[DATASET EXTRACT]
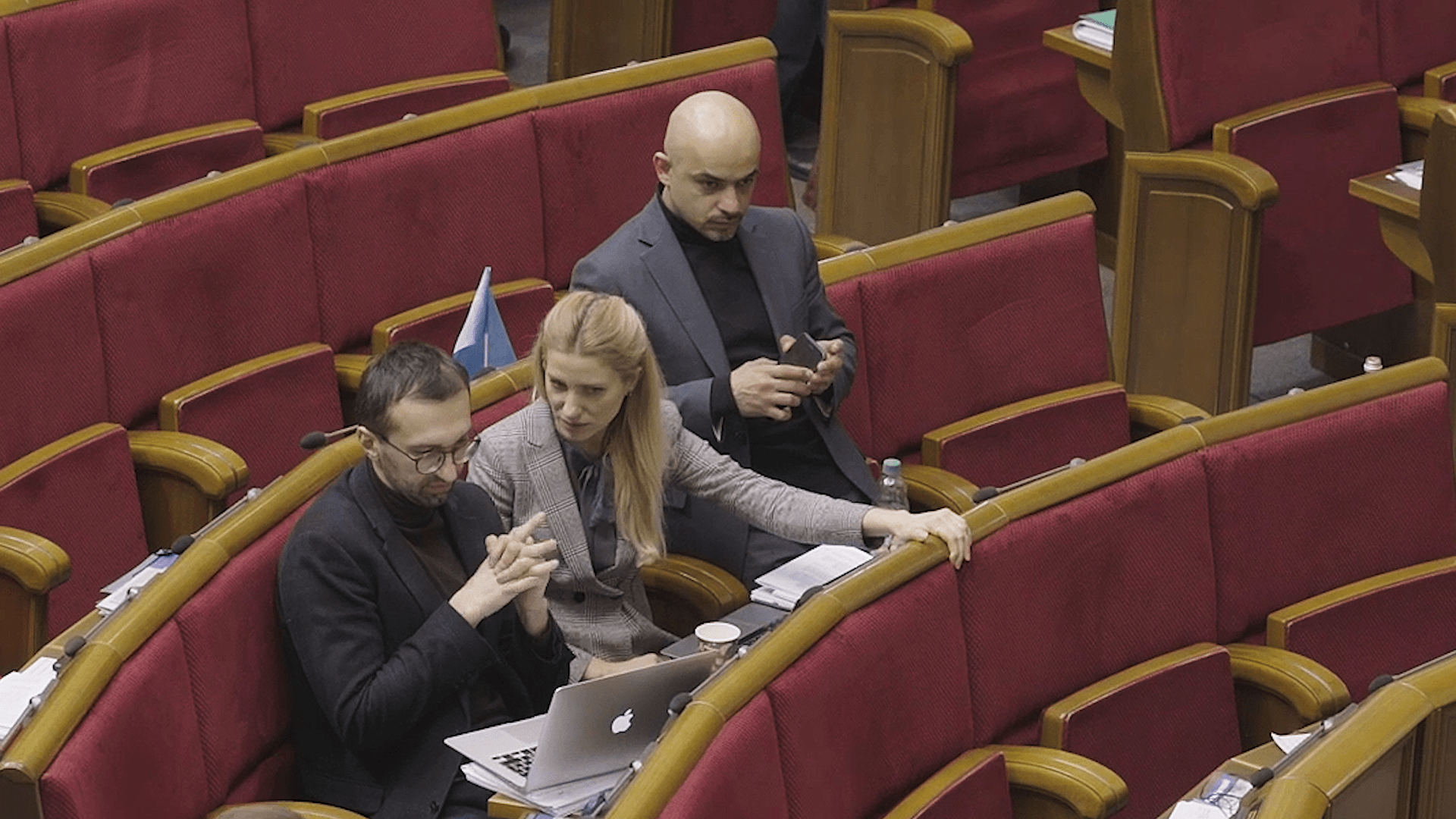 tři lidé sedí na sedačkách v sále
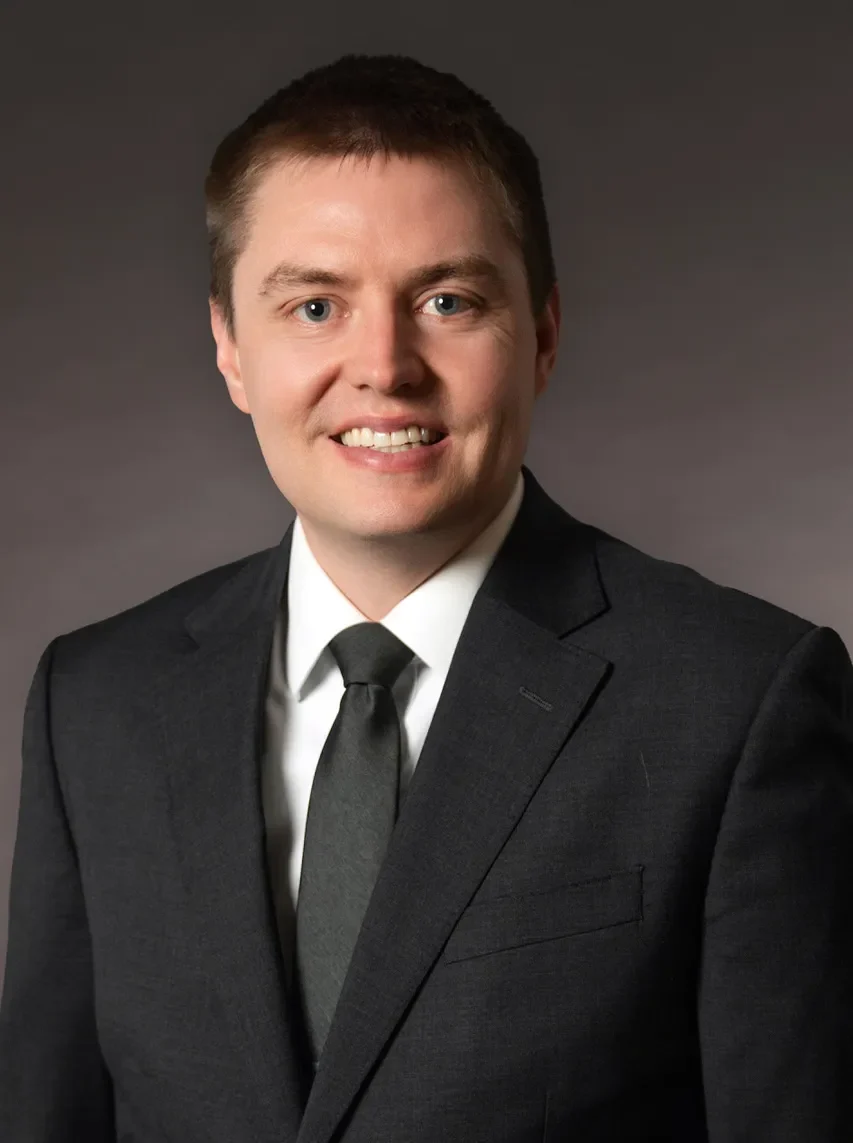 Professional headshot of a smiling man wearing a dark suit, white shirt, and black tie against a neutral background.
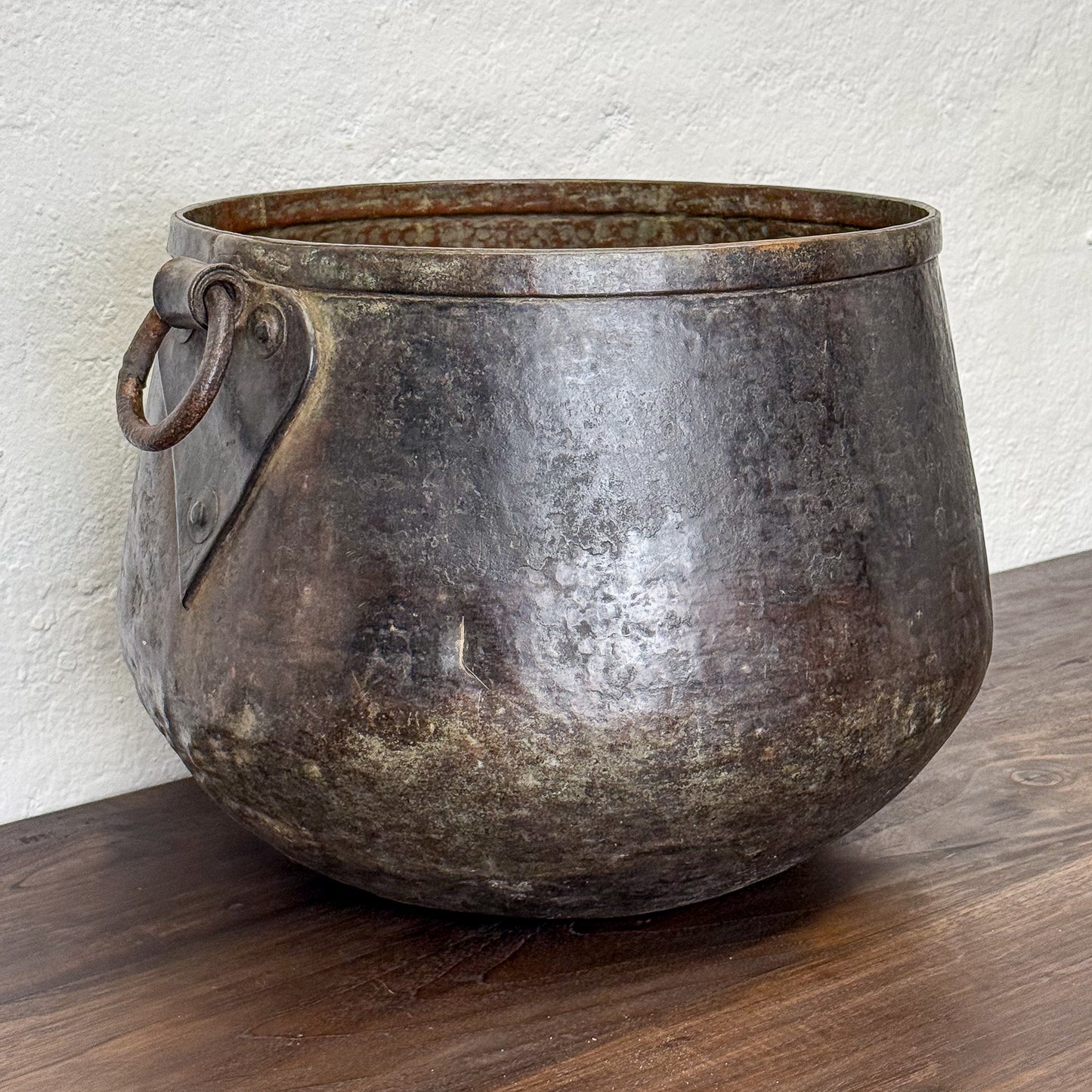 Vintage metal pot with handles on a wooden surface against a white wall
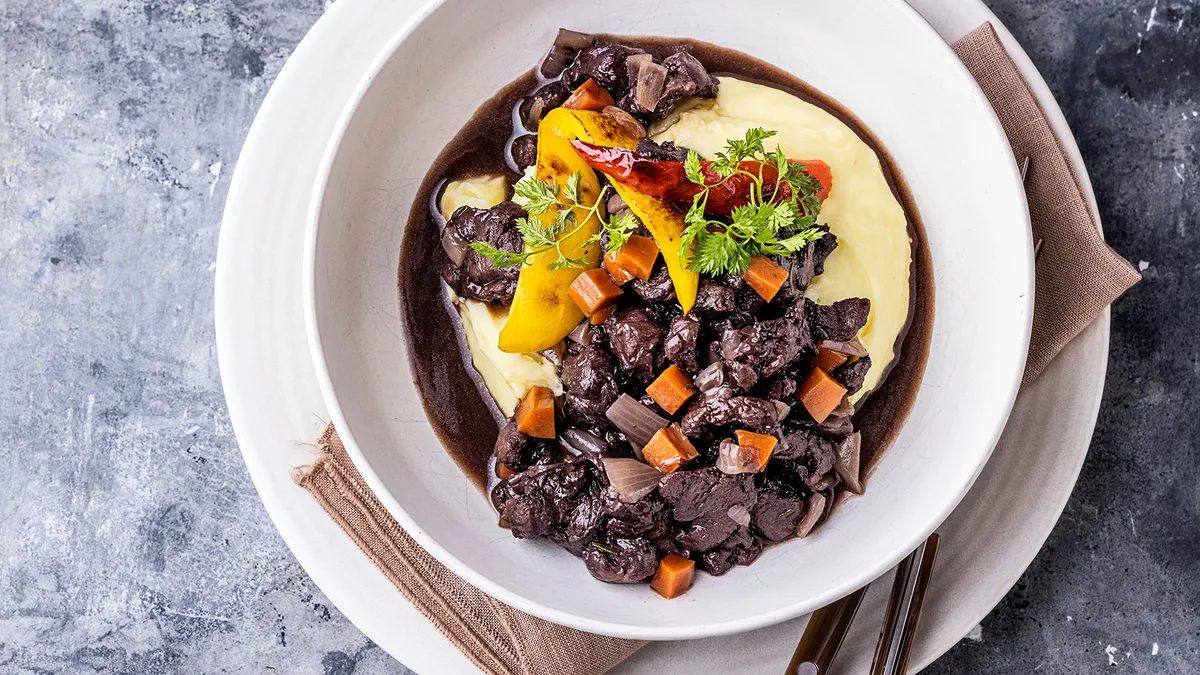 A plant-based boeuf bourguignon, with brown broth and vegetables, is in a white bowl, resting on a white saucer with a beige cloth napkin and wood-handled silverware between the plate and bowl.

[WHAT THE TASK REQUIRES] Wherever a picture appears in the listing above, drop it, and restate the rest exactly.

[SOLUTION FOR THIS PROBLEM]
 tři lidé sedí na sedačkách v sále
 Professional headshot of a smiling man wearing a dark suit, white shirt, and black tie against a neutral background.
 Vintage metal pot with handles on a wooden surface against a white wall
 A plant-based boeuf bourguignon, with brown broth and vegetables, is in a white bowl, resting on a white saucer with a beige cloth napkin and wood-handled silverware between the plate and bowl.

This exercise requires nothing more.